Crianças adultas


Por CARLOS MAURÍCIO DE M. R. PEREZ Colaborador

11/10/2013 às 07h00

Se existe alguma ciência de que o homem realmente necessita é aquela que eu ensino, de como ocupar adequadamente o lugar da criação designado para o homem, e como aprender com ela o que se deve fazer para ser homem – Immanuel Kant (1724 – 1804). Kant insere, logo no princípio da frase, a palavra necessita, expressão que estão nos ensinando a esquecer, apesar de vivermos quase todos sob o preceito deste grande filósofo. Esquecemo-nos que a filosofia (a mãe de todas as ciências) é essencial no aprendizado de nossas crianças. Todavia, hoje, ela não é mais lembrada por nós, tampouco pelos pedagogos e muito menos pelo MEC, que chega a relegá-la a um curso superior de apenas três anos, quando o ideal seria ministrá-la desde o ensino fundamental.

Como aprender o significado de nossas vidas se vivemos preocupados com o imediatismo das possibilidades? Como fazer com que nossas crianças voltem a ter os desafios saudáveis das necessidades se o que nos ensinam é que a necessidade é um estado interno de insatisfação, causado pela falta de algum bem necessário para o bem-estar? O que tenho percebido é que estamos nos tornando uma sociedade de dependentes, extremamente previsível e pasteurizada. O que, aliás, é como já vivemos na atualidade e imperceptivelmente repassamos isto aos mais jovens. Já perceberam a quantidade de crianças que rivalizam com os adultos nos consultórios de psicanálise?
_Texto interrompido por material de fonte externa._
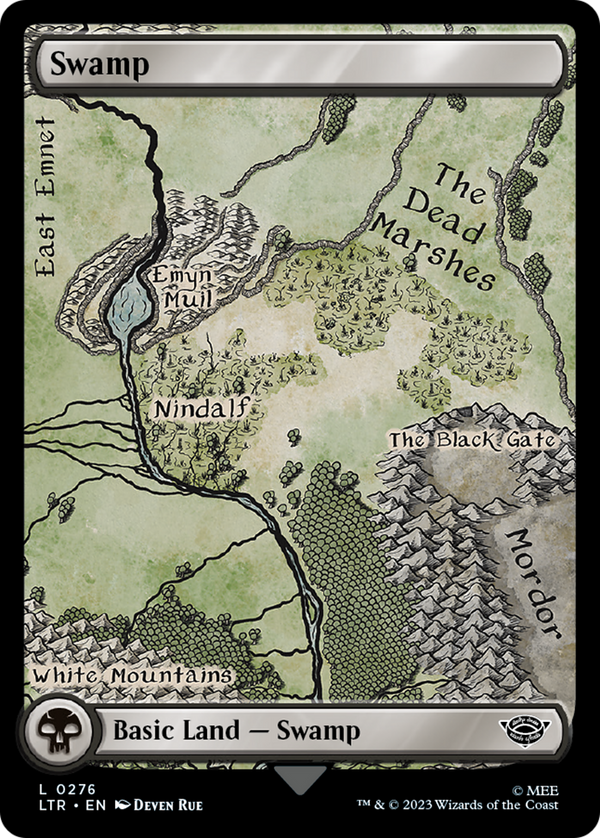 Swamp (0276) (LTR-276) - The Lord of the Rings: Tales of Middle-earth Foil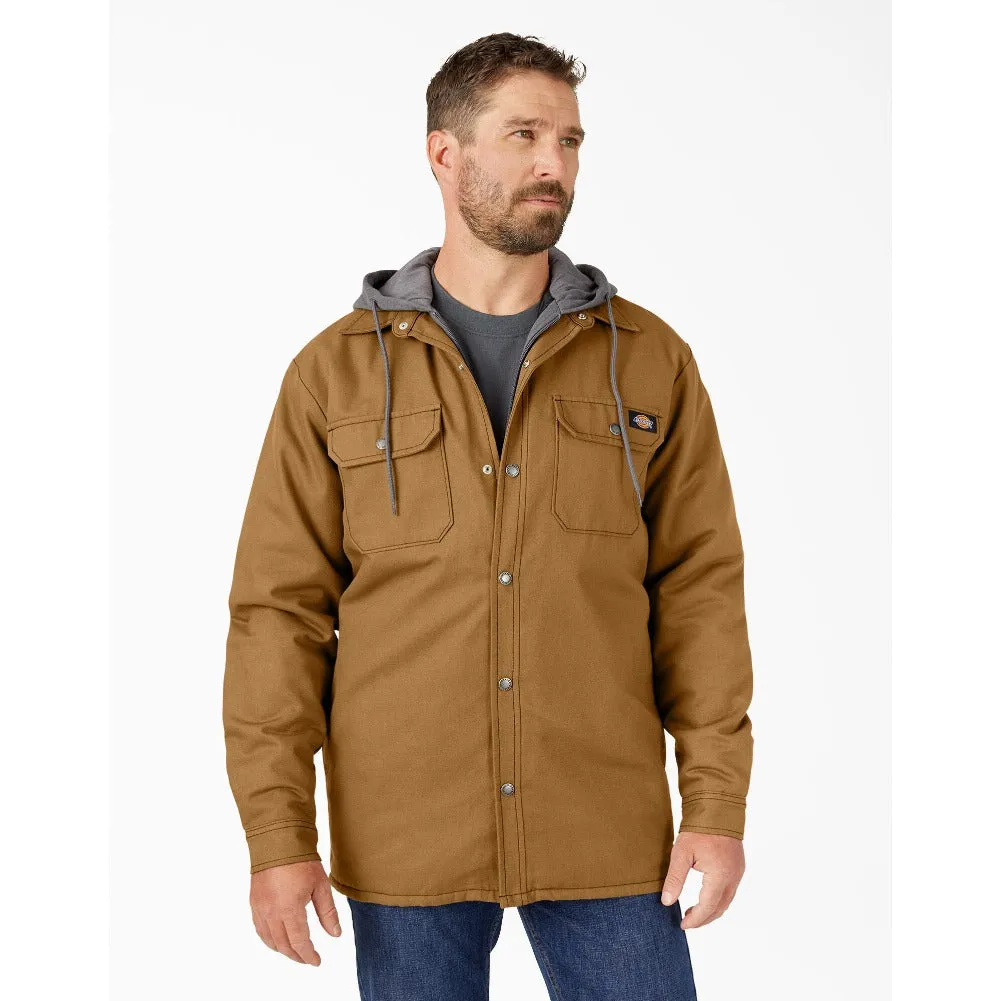 Dickies Men's Jacket Fleece Hooded Duck Shirt Coat with Hydroshield TJ213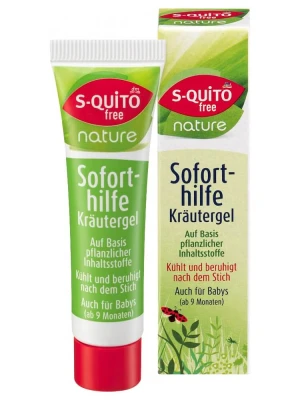 Gel bôi vết muỗi đốt và côn trùng cắn S-quito free Babys and Kids từ thảo dược thiên nhiên, 15ml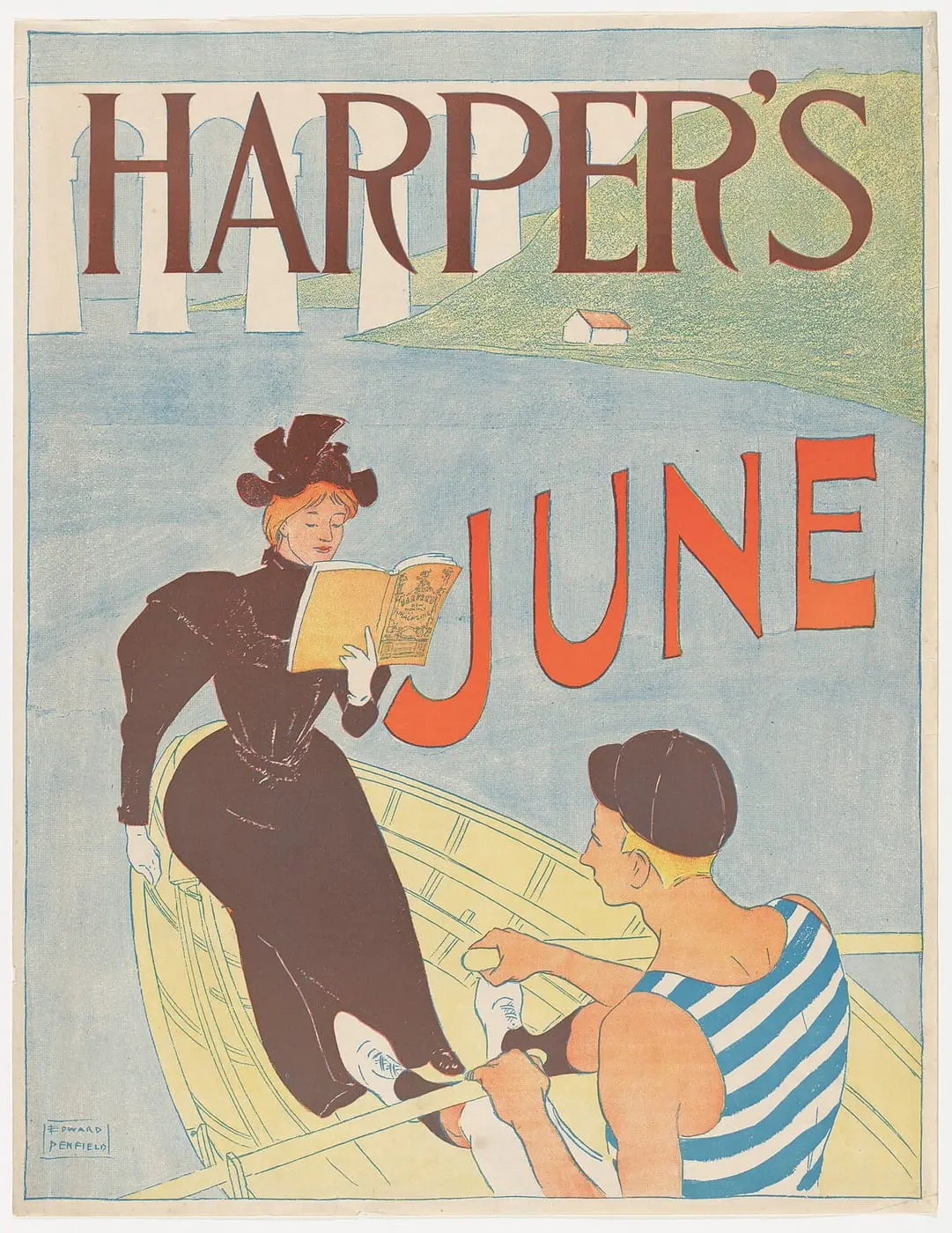 Harper's, June by Edward Penfield, canvas print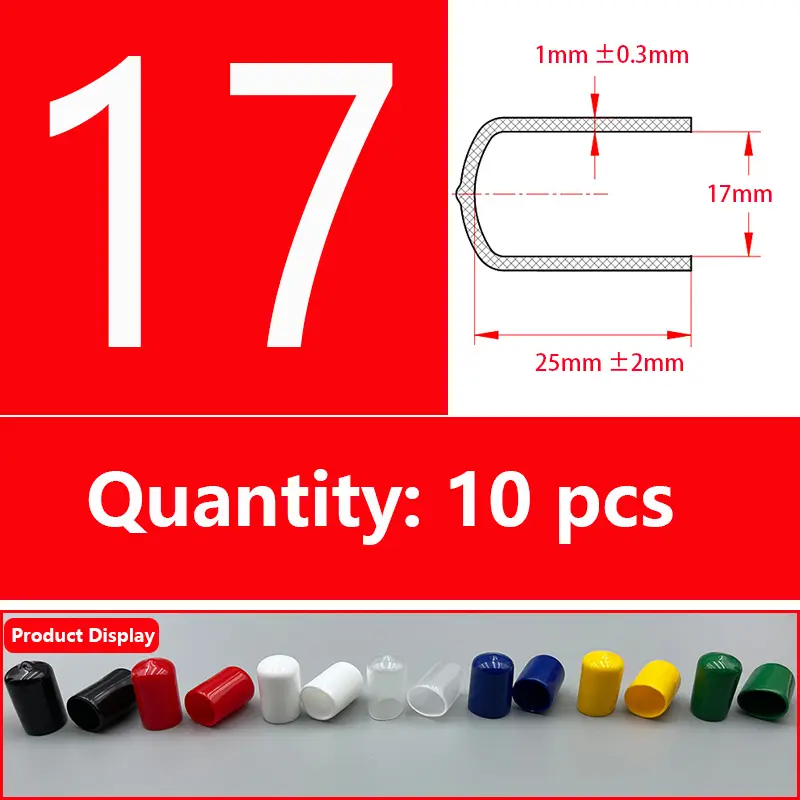 Rubber Cap Sleeve Soft Elasticity Silicone Protective Cover  Sealing Plug Thread Protection Sleeve Black Red White Blue 1.5-24mm - Image 36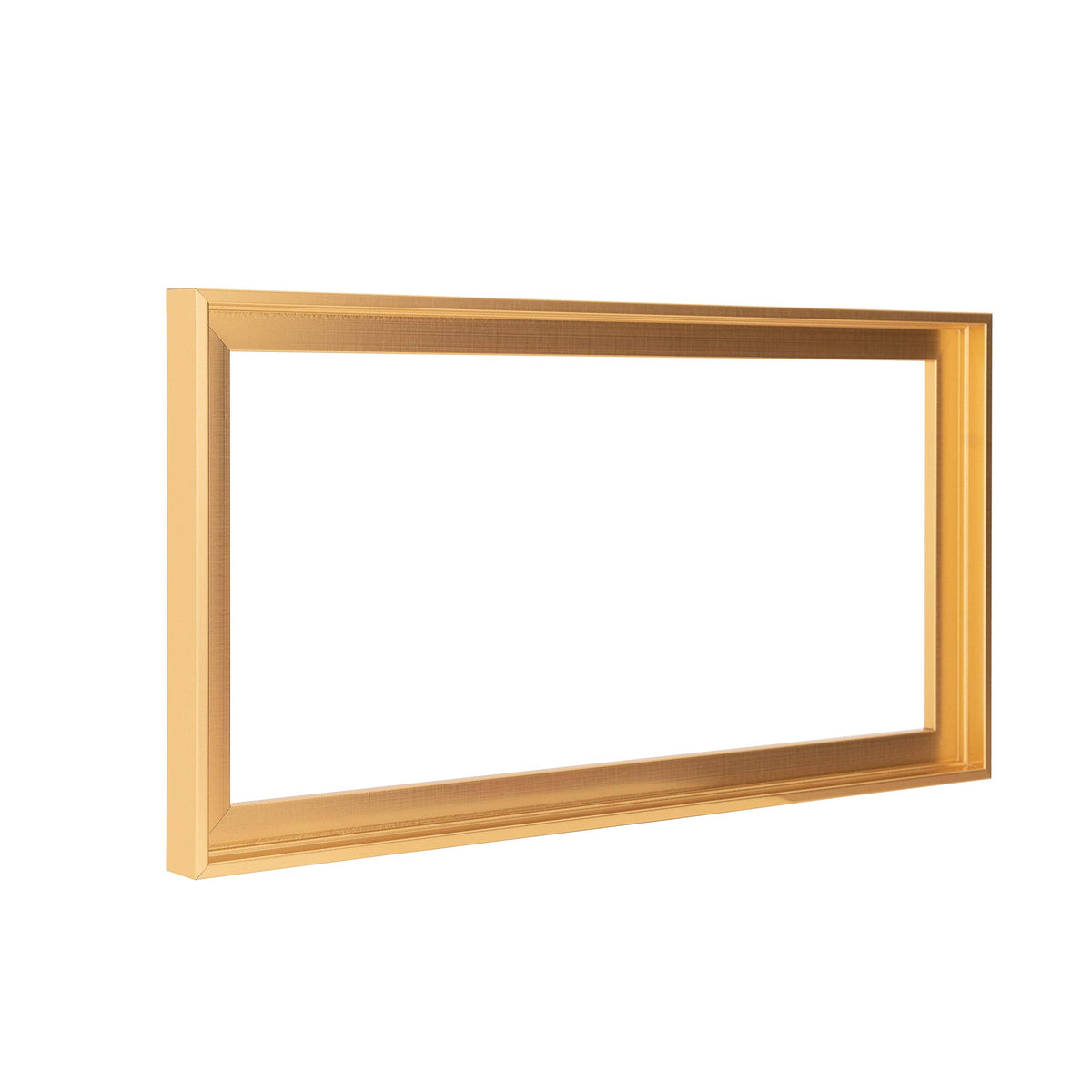 Pixy Canvas 24X48 Inch Floater Frame For Canvas Paintings. 12 Colors. Floating Frame Fits 5/8'', 3/4'' & Max 7/8'' Deep Stretche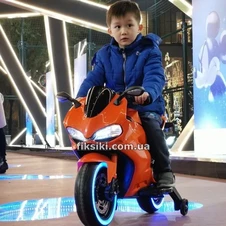 Детский мотоцикл M 4104 ELS-2 Ducati, автопокраска, черный фото 33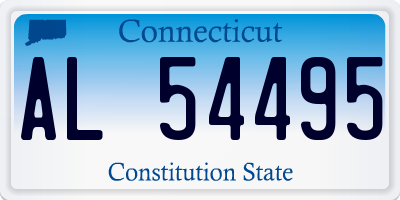 CT license plate AL54495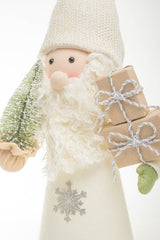 30" Cream Foam Mellow Santa with Gifts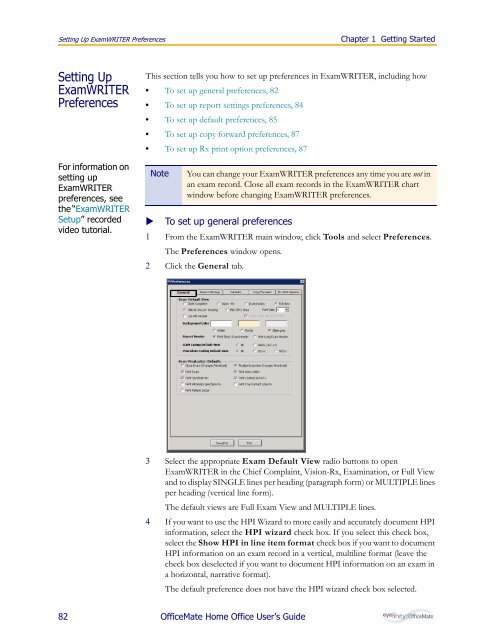 OfficeMate Home Office User's Guide - OfficeMate Software Solutions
O adulto moderno carrega em si um resto de adolescência mal resolvida. É como se, para se chegar a ser um adulto de verdade, ainda faltasse um gesto de rebeldia que não foi feito na sua juventude. Temos que nos redirecionar para podermos, enfim, vivermos na necessidade, sem os perigos das possibilidades infinitas. A necessidade nos preenche, e a possibilidade realizada nos esvazia. Elas se opõem, mas ao mesmo tempo se completam, como tudo na vida.

Nas vésperas do Dia das Crianças, foi noticiado que a melhor universidade do Brasil, a USP, caiu no ranking das universidades do mundo. E, para piorar, temos aqui somente duas universidades neste ranking. A outra é a Unicamp, e, para termos uma exata noção de nosso atraso, a USP está na 226ª colocação, e a Unicamp está na 350ª colocação.

Sören Kierkegaard (1813-1855), um filósofo dinamarquês, pautou grande parte de seus estudos na prioridade da realidade humana (o mundo da necessidade opressora, interna e finita), se contrapondo em relação ao pensamento abstrato (o universo da possibilidade apavorante, externo e infinito). Não seria a hora de refletirmos sobre quais as reais necessidades que proporcionamos às nossas crianças? Parece-me que elas são educadas, de uma forma equivocada, somente para viverem no bem-estar, quando, na verdade, devemos pensar se é realmente possível proporcionarmos a elas este estado de bem-estar ilusório.